** Data for this task follows **

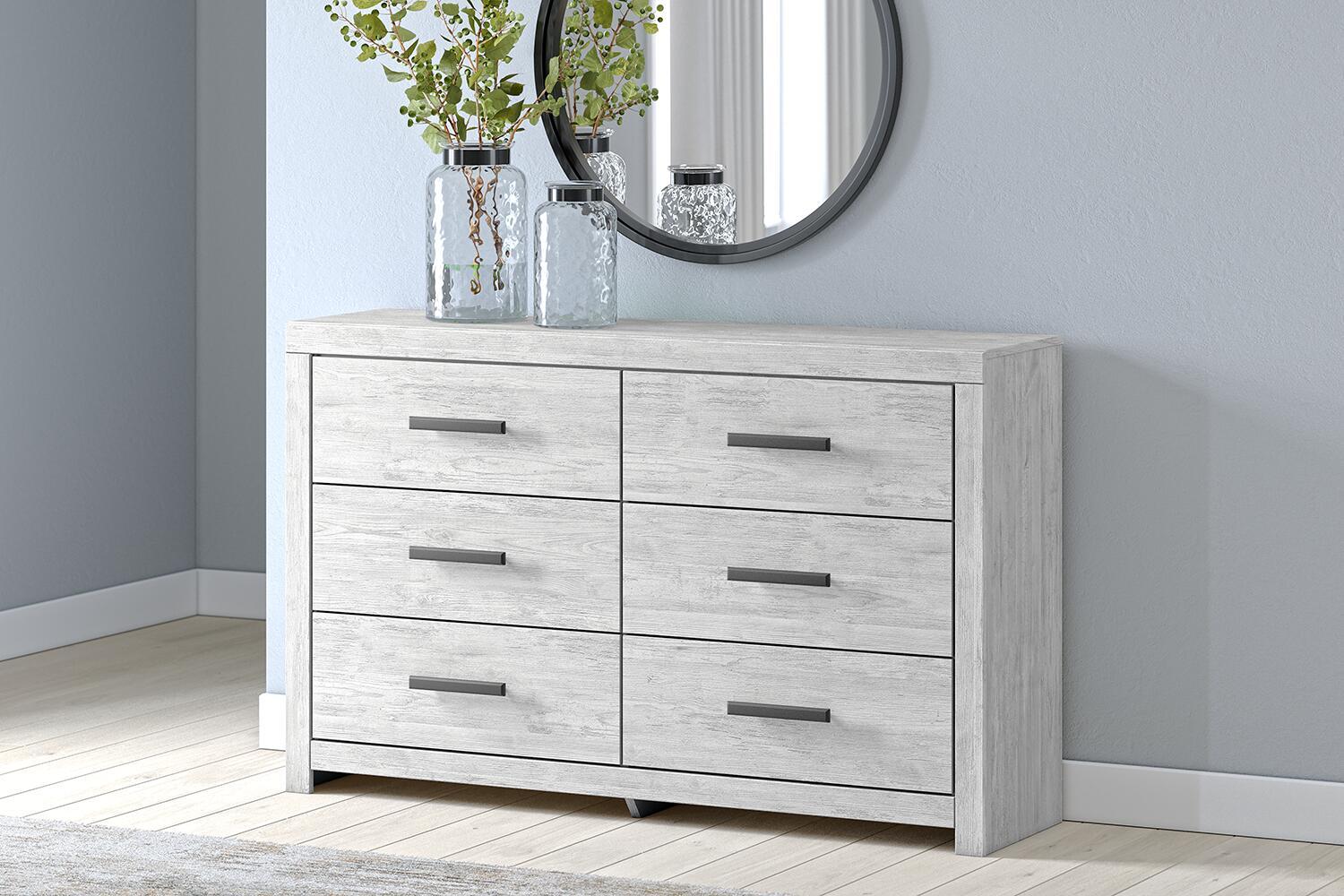 Cayboni - Commode à six tiroirs - Effet bois blanchi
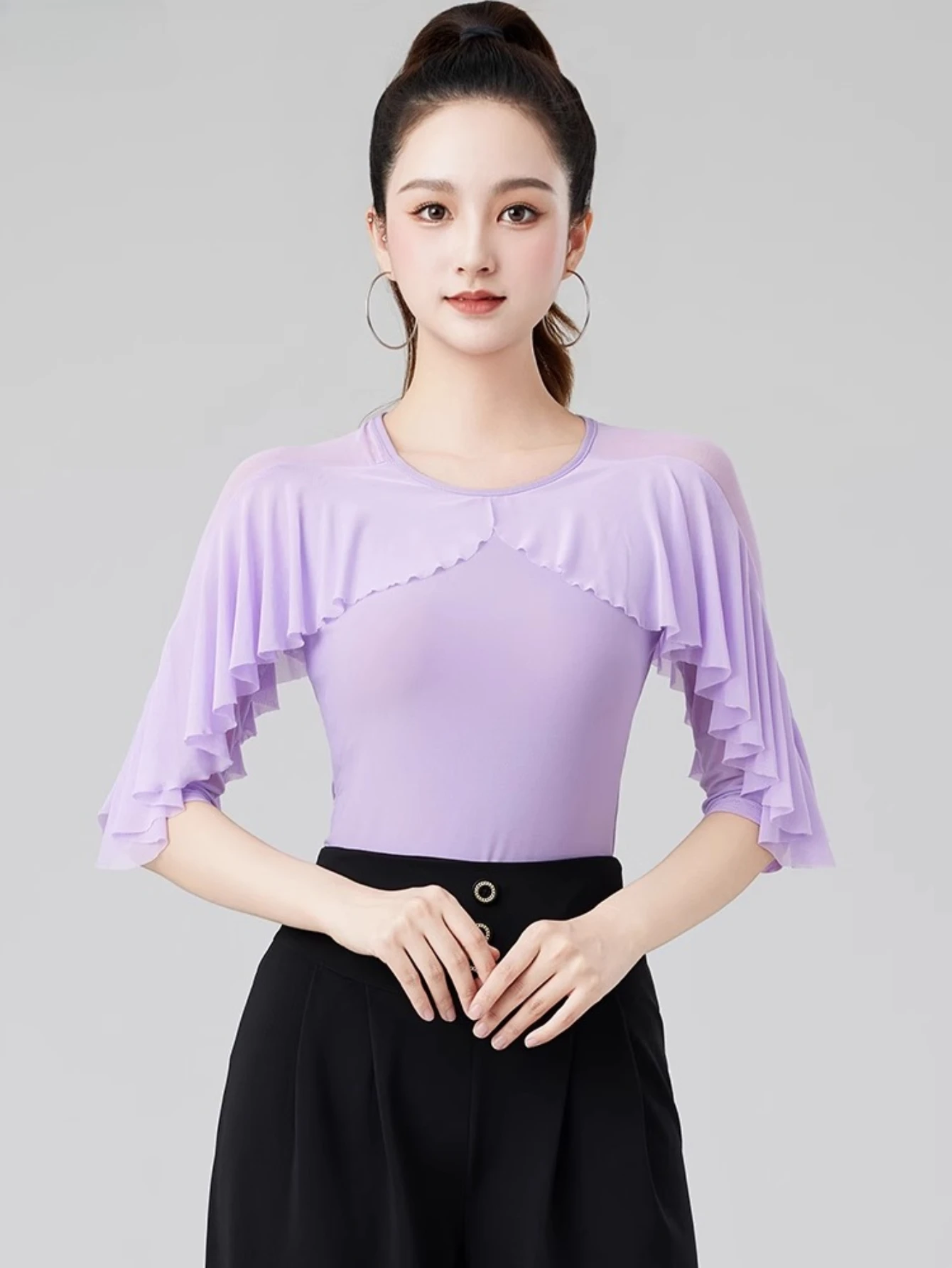 Haut de danse latine pour femmes adultes, nouveau Costume à manches en feuille de Lotus, pour salle de bal, Samba, spectacle de danse moderne, robe d'entraînement de danse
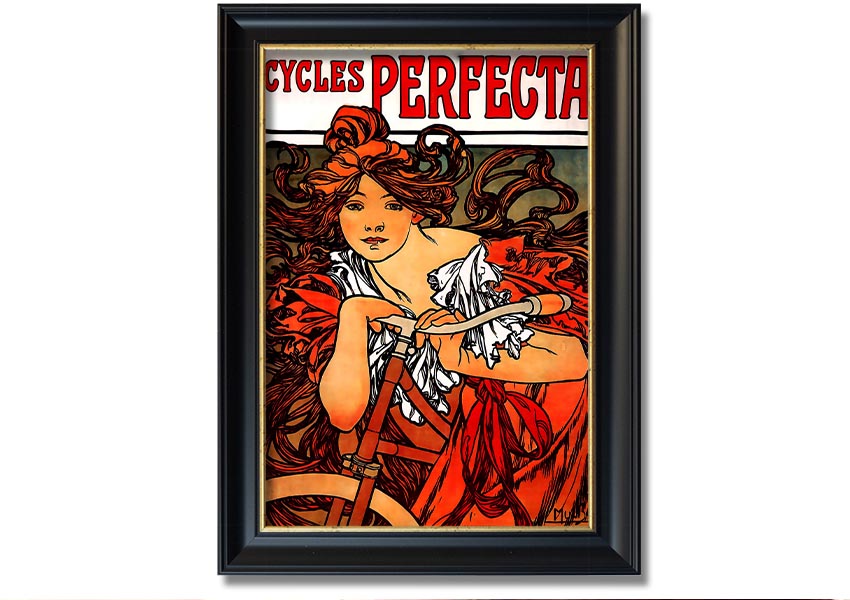 Framed print of Alphonse Mucha's Cycles Perfecta artwork, showcasing intricate details and vibrant colors.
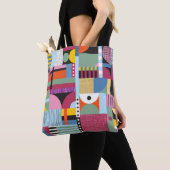 Tote Bag Motif coloré scandinave (De près)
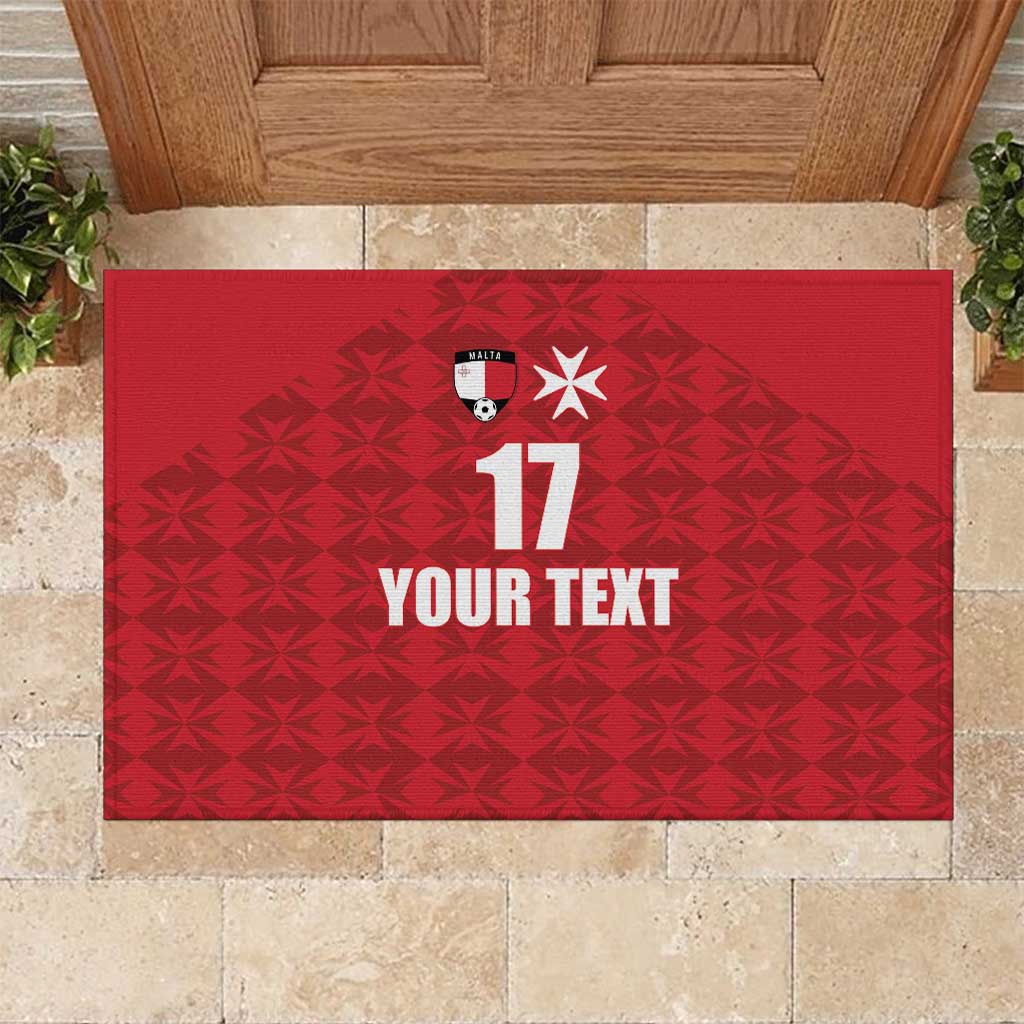 Custom Malta Football Jersey Go Champions Rubber Doormat Red Style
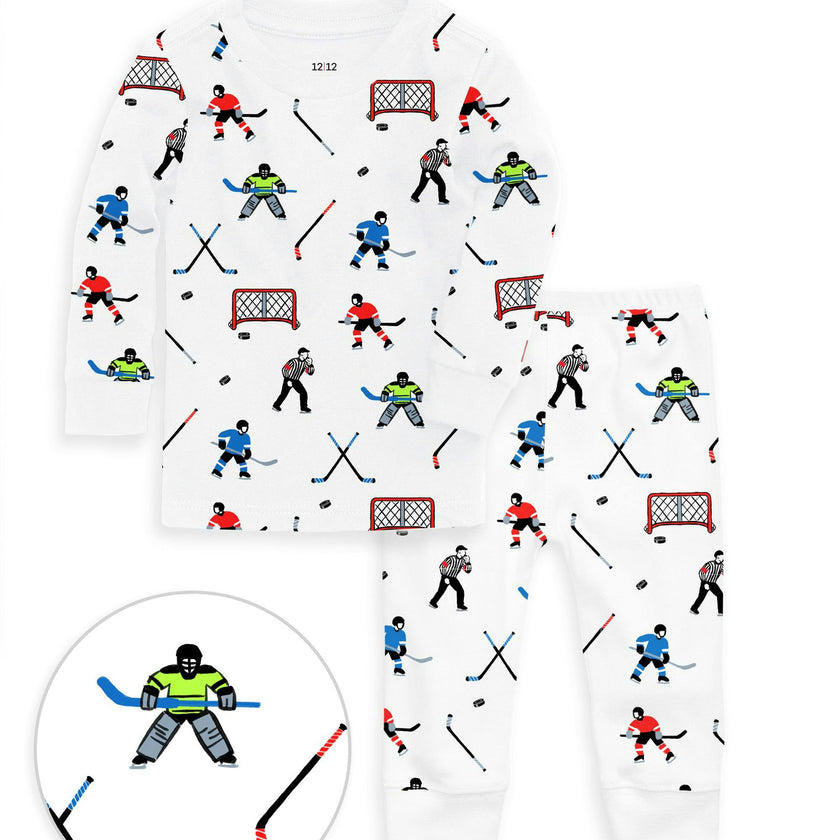 The Organic Long Sleeve Pajama Set [Hockey]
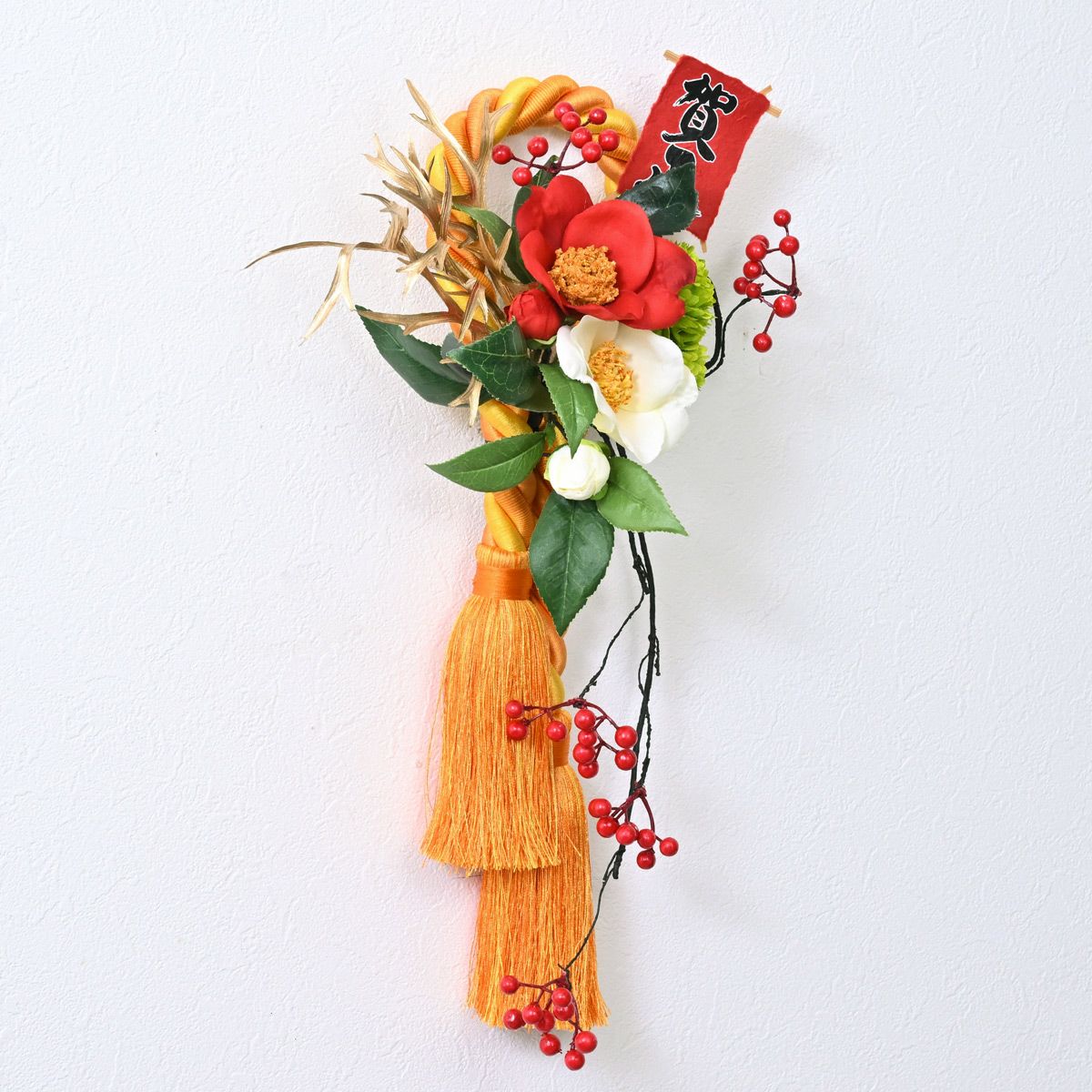 椿 紅白 しめ飾り [NY-274]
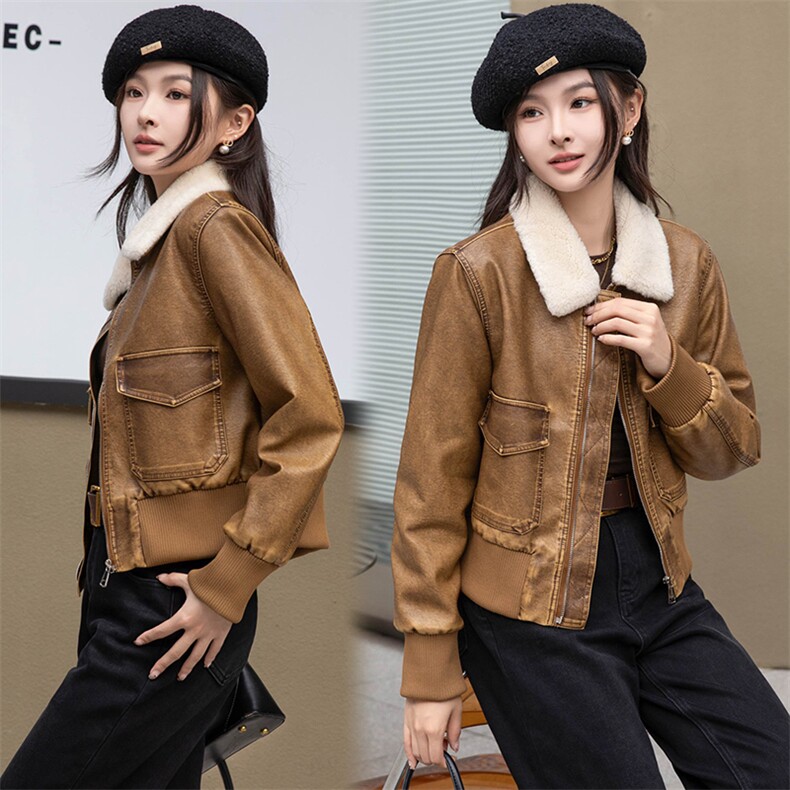 加绒皮衣女2024秋冬新款小个子加厚短款洋气机车服皮夹克棉衣外套，女装皮衣，江南女神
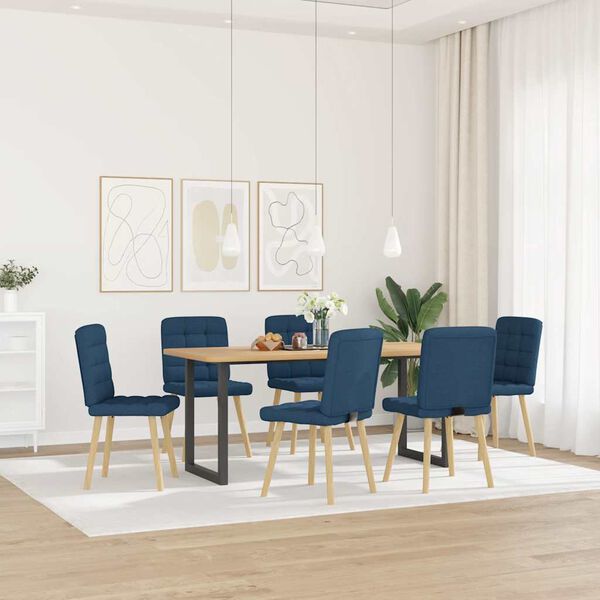 vidaXL Sillas de comedor 6 unidades tela azul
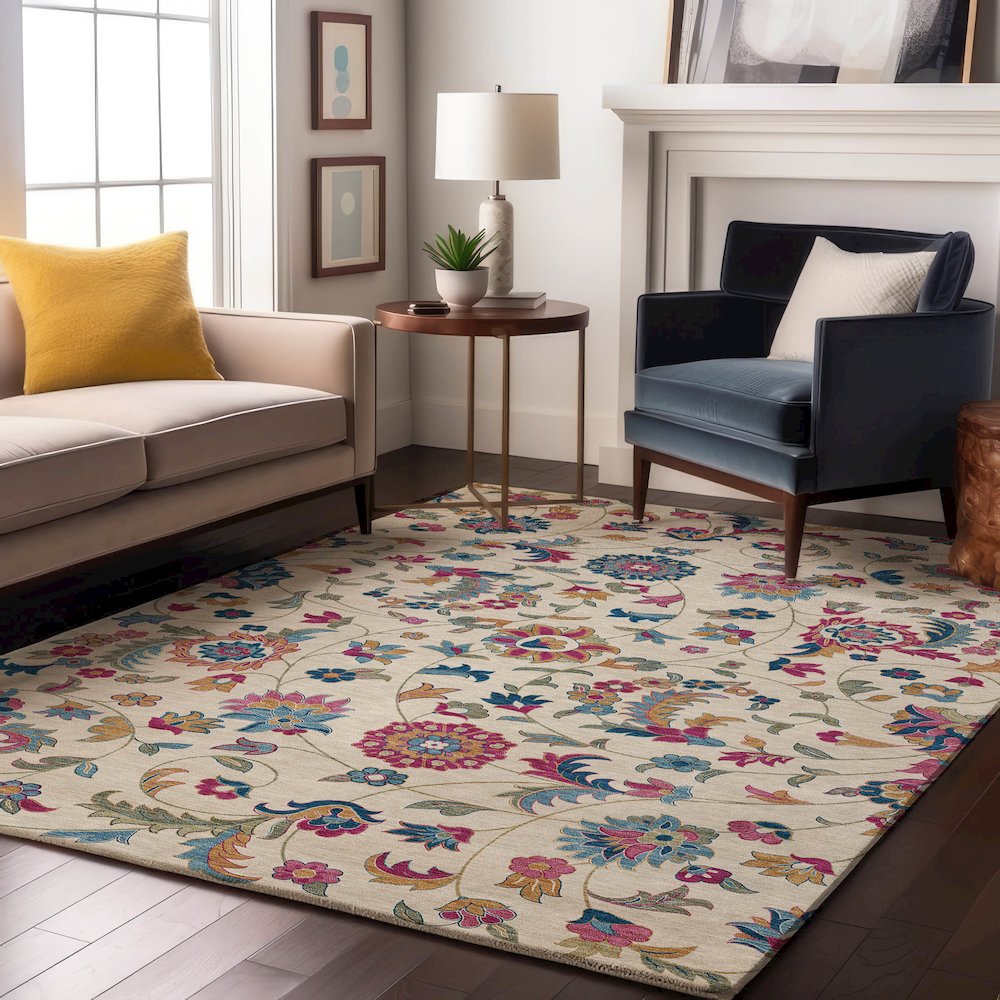 Premium Machine Washable Mayfield AMF1006 Linen 10' x 14' Rug. Picture 5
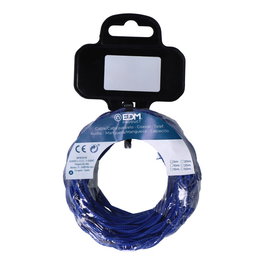 Edm H03VV-F 2 x 0,75 mm² Cable Textil Trenzado Azul, 5 m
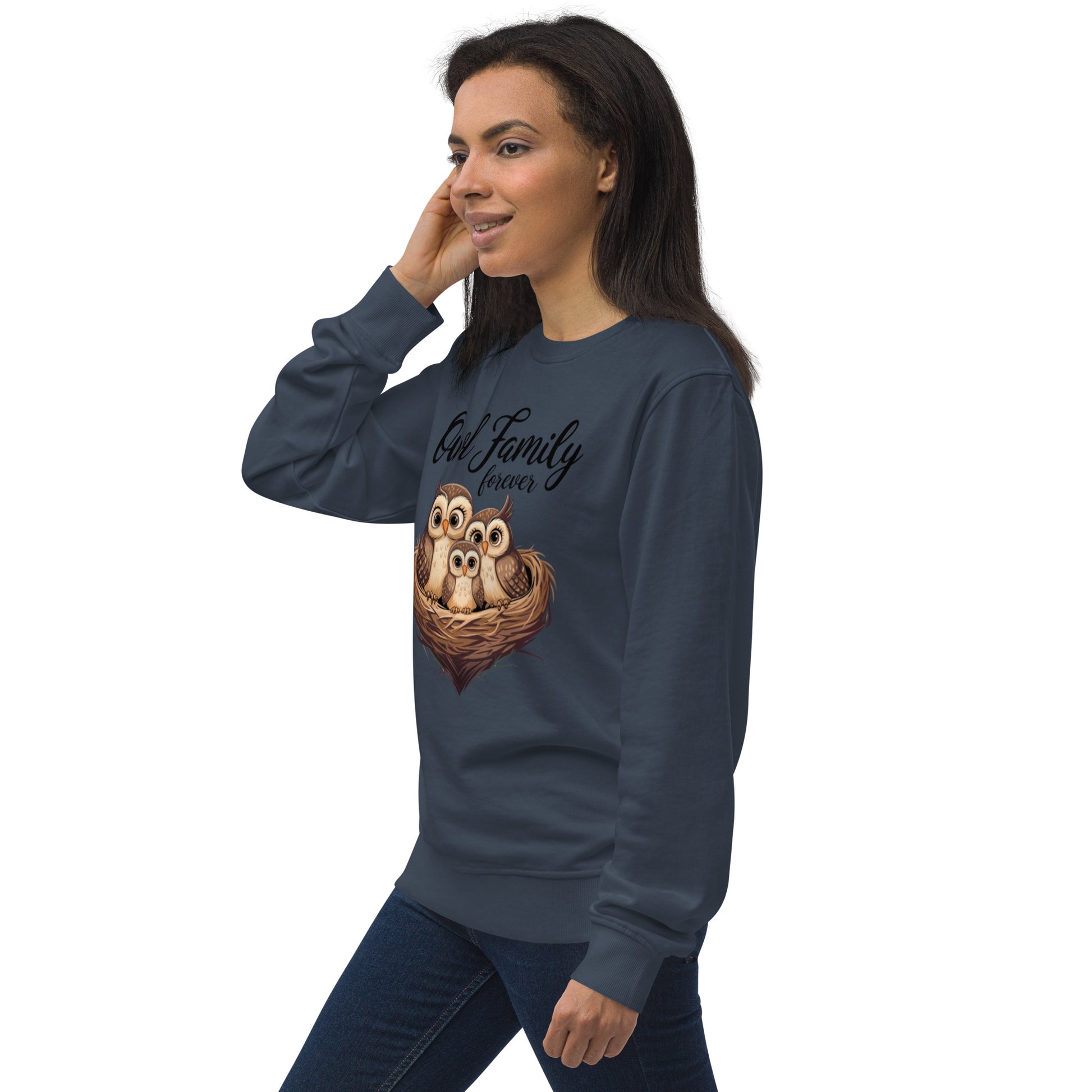 Owl-Themed Unisex Organic Sweatshirt | Eco-Friendly & Stylish - Dudeily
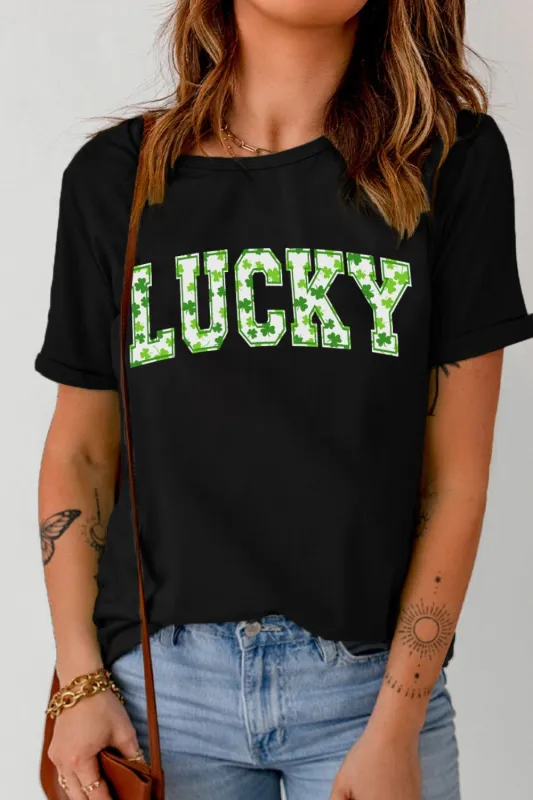 LUCKY Letter Clover Short Sleeve T-Shirt sold by Charming Charlie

** End of Data for this task **

What you should do: Reproduce the lines from the line with "The Organic Long Sleeve Pajama Set [Hockey]" through the last line of the entries exactly, including both ends and excluding pictures.

Exercise output:
 The Organic Long Sleeve Pajama Set [Hockey]
 椿 紅白 しめ飾り [NY-274]
 加绒皮衣女2024秋冬新款小个子加厚短款洋气机车服皮夹克棉衣外套，女装皮衣，江南女神
 vidaXL Sillas de comedor 6 unidades tela azul
 Premium Machine Washable Mayfield AMF1006 Linen 10' x 14' Rug. Picture 5
 Edm H03VV-F 2 x 0,75 mm² Cable Textil Trenzado Azul, 5 m
 Owl-Themed Unisex Organic Sweatshirt | Eco-Friendly & Stylish - Dudeily
 LUCKY Letter Clover Short Sleeve T-Shirt sold by Charming Charlie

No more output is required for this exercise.